Hüseyin Zekai Paşa'nın yaşadığı 19. yüzyıl ortalarından 20. yüzyıl başında 1914 Kuşağı (Çallı Kuşağı) dönemine dek sanat alanındaki gelişmeler yukarıdaki gibi özetlenebilir. Görüldüğü gibi, 1850 sonrasında, imparatorluğun tek sanat merkezi durumundaki İstanbul'da, sanatla ilgilenen farklı kesimlerin ve mesenlerin, sanatçı atölyelerinin varlığı, basının ve eğitim kurumlarının rolü, askeri ve sivil okullardaki sanat eğitimi, sanatçıların yurtdışında almış oldukları sanat eğitimi, sanatçıların kişisel eğilimleri, Pera'da yerleşmiş Levantenler'in, Türkiye'ye gelen ve burada çalışan yabancı sanatçıların katkısı ile oluşan sanat çevresinde oldukça karmaşık bir alt yapı, Germaner'in deyişiyle "bir kaos" izlenmektedir. Yukarıda da değinildiği gibi, bu dönemde Avrupa'da eğitim gören sanatçıların yapıtlarında, aldıkları akademik eğitimin de etkisiyle figür ön plana çıkmaktadır. Gerek Paris'te Jean Leon Gérôme atölyesinde eğitim gören Osman Hamdi Bey, gerek Gérôme ile Courtois atölyelerinde çalışan Halil Paşa portrelere ve figürlü kompozisyonlara yer verirken; Alexandre Cabanel atölyesinde çalışan Süleyman Seyyid Bey ve Gustave Boulanger ile Gérôme atölyelerinde eğitim gören Şeker Ahmet Paşa, figürü ikinci plana itmeyi ve daha ziyade manzaralar ve natürmortlar ortaya koymuştur.

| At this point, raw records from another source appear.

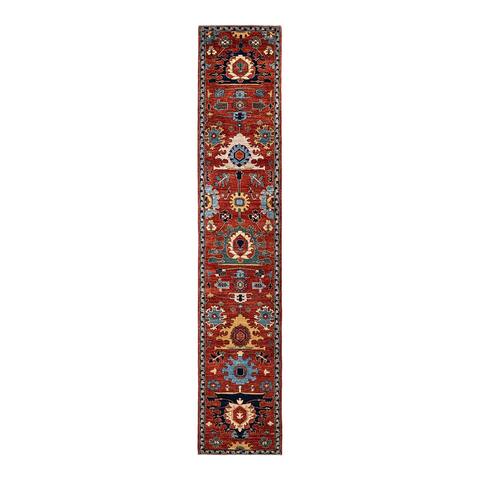 Hand Knotted Traditional Tribal Wool Orange Area Rug - 2' 9" x 14' 9"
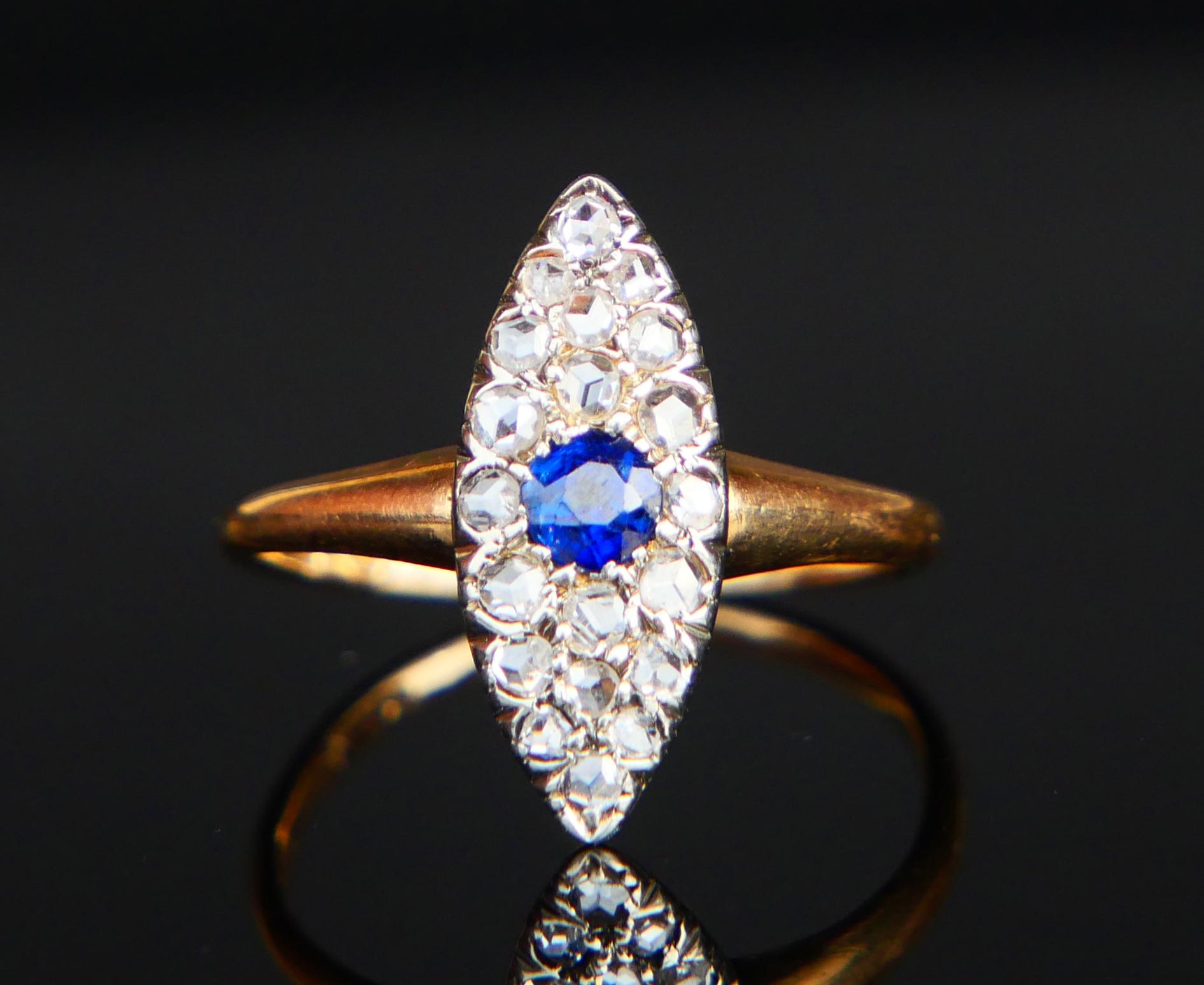 1926 Antique Ring Sapphire Diamonds solid 18K Gold Ø US 5.25 / 2.4gr For Sale 6
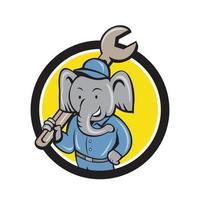 Elephant Mechanic Spanner Shoulder Circle Cartoon vector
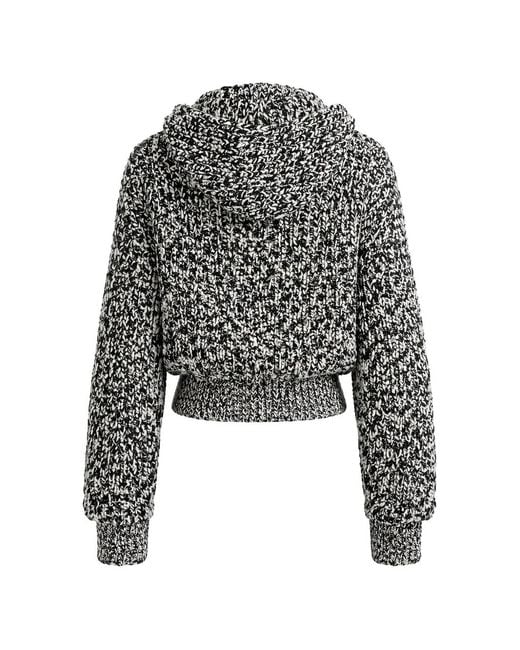 Nanushka Black Sonnet Knitted Hooded Jacket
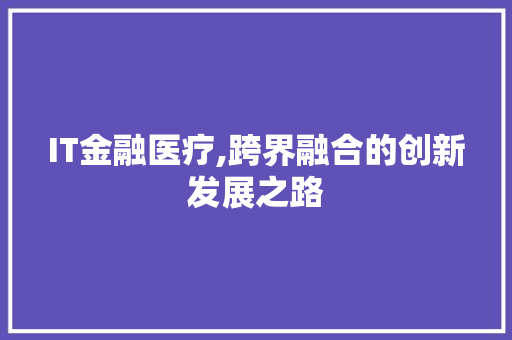 IT金融医疗,跨界融合的创新发展之路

Harbiye mezunu Hüseyin Zekai Paşa, Avrupa'da eğitim görmemiş olmasına karşın manzaraları ve natürmortları ile kendine özgü bir üslup yaratmıştır. 1914 yılında yazmış olduğu Mübeccel Hazineler ve 1919 tarihli Bedâyi-i Asâr-ı Osmaniye adlı kitapları ile sanat tarihi yazıcılığına katkıda bulunan Hüseyin Zekai Paşa, koleksiyonerliği ile de öncü olmuş bir isimdir. 19. yüzyılda Türk Primitifleri olarak bilinen ilk ressamların, figürsüz, sakin, değişmez ve saf bir dünyayı resimlemeleri gibi, Osmanlı resminin minyatürden gerçekçiliğe geçişini temsil eden bir tarzda manzaralar ortaya koyan ancak fotoğrafı yorumlamada daha "ressamca" bir tutum sergileyen Hüseyin Zekai Paşa, geç dönem çalışmalarında açık havada çalışılmış izlenimini veren, belki 1914 Kuşağı'nın Paris'ten dönmesiyle onlardan etkilenen bir biçim dili geliştirmiştir.